Figure 4(1) also shows that the ATF time of BBC, Yahoo and Wikipedia exhibits a bimodal distribution. We investigated this aspect further by observing the ATF time of these websites from different operators. For instance, Fig. 4(2) shows the distribution of the ATF time of Yahoo across the different MNOs approximated using the two approaches. The result reveals that in the Norwegian MNOs, Yahoo takes longer to show the contents in the above-the-fold area. As such, the bimodal distribution of ATF time is due to the difference observed in the operators across different country. The impact of the longer download time of the objects in the above-the-fold area is reflected in the ATF_p time of the websites. For the other two websites we see a difference across the operators. That is, the bimodal distribution happens in all operators. Figure 4(2) and 3(1) also show that the Swedish operator roaming in Norway has a similar QoE with the native Swedish operator. As such, the home-routed roaming [29] configuration does not have much impact on the QoE when the user travels relatively small distances (i.e., between Norway and Sweden).

3.4 Web QoE Under Mobility Conditions

Figure 5(1) shows the distribution of the ATF time of the websites under mobility scenario as approximated using the two methods. The results show that ATF time of the websites measured from nodes deployed in trains and buses are similar to that of the nodes deployed in homes and offices. However, the variation in ATF time across different MNOs is relatively higher under mobility scenario.

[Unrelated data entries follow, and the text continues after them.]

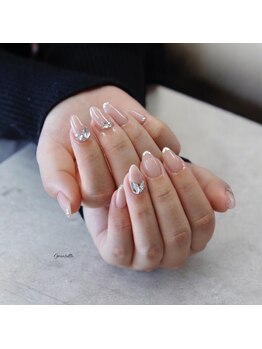 グランチュール(Grantulle)/ビジューネイル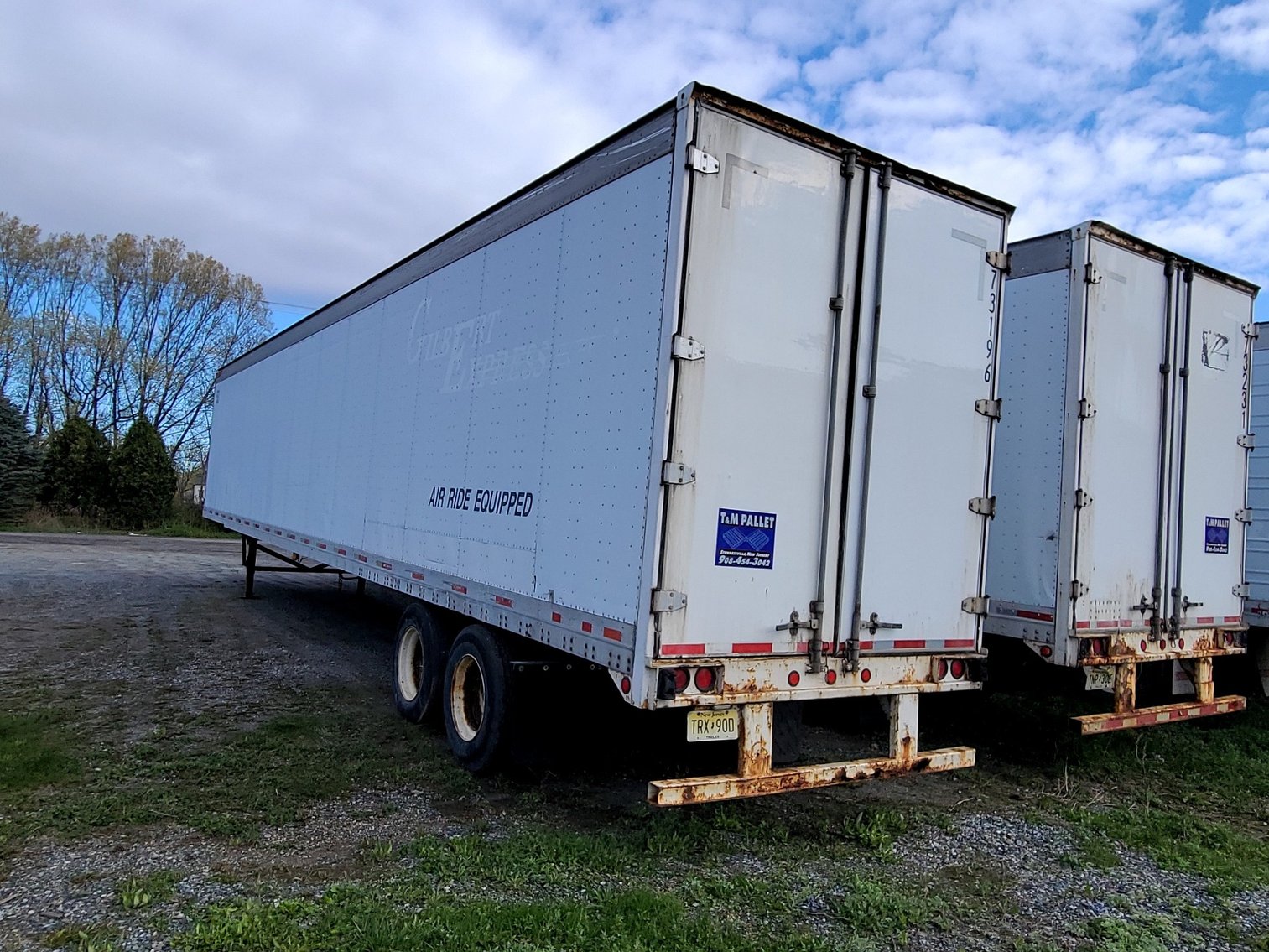 Image for Pallet Manufacturer -Peterbilt Tractors & Trailers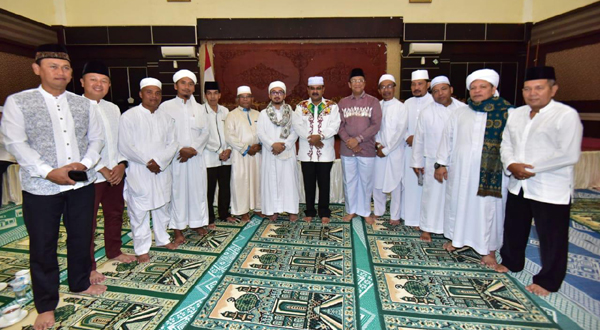 Bupati Karimun Aunur Rafiq, Wakil Bupati Anwar Hasyim dan sejumlah pejabat berfoto bersama dengan ustad habib Ahmad Hasan Alaydrus dan habib Novel Alaydrus.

The nodes deployed in trains can be online even though the trains are at the garage; hence some nodes may not be moving in some cases. Figure 5(2) shows the ATF time and PLT of websites from buses and trains which were moving while the measurement was conducted. The result shows that most of the websites have almost similar PLT in a mobile and a stationary situation. However, the ATF time of some of the websites is relatively longer in mobility scenario. For instance, in the median case, the ATF time of Microsoft, Yahoo, Reddit, and Facebook is 0.3 to 1 s longer under mobility condition. Yahoo shows different behavior in the ATF time from stationary and mobile nodes. That is, 60% of the measurements from the mobiles nodes, and 40% of the measurements from the stationary nodes show a drastic change (more than 7 s difference) of the ATF time. To understand the causes for this drastic change we analyzed the ATF time of this website at each operator. We found that in the Norwegian operators Yahoo takes longer time to show the contents in the above-the-fold area. One of the causes for this could be the IP path length between the operators and the Yahoo content server. Using a traceroute measurement we analyzed the IP path lengths that the nodes traverse to reach the web servers from different locations. We observed that the nodes hosted in Norwegian operators traverse up to 20 IP hops to reach the Yahoo web server. Instead, other Swedish operators take a maximum of 16 IP hopes to reach Yahoo’s web server.

4 Related Work

The web has been well studied. Various web QoE measurement tools and methodologies are available [8, 9, 25, 35]. Most of these tools focus on fixed-line networks. For instance, Varvello et al. [35] designed eyeorg, a platform for crowdsourcing web QoE measurements. The platform shows a video of the page loading progress to provide a consistent view to all the participants regardless of their network connections and device configurations. Unlike eyeorg, our measurement tool does not require user interaction to evaluate the web QoE, rather it uses different approaches to approximate the web QoE. Cechet et al. [18] designed mBenchLab that measure web QoE in smartphones and tablets by accessing cloud hosted web service. They measured the performance of few popular websites and identify the QoE issues observing the PLT, the traditional web QoE metric. Casas et al. [17] studied the QoE provisioning of popular mobile applications using subjective laboratory tests with end-device through passive measurement. They also studied QoE from feedback obtained in operational MNOs using crowd-sourcing. They showed the impact of access bandwidth and latency on QoE of different services including web browsing on Google Chrome.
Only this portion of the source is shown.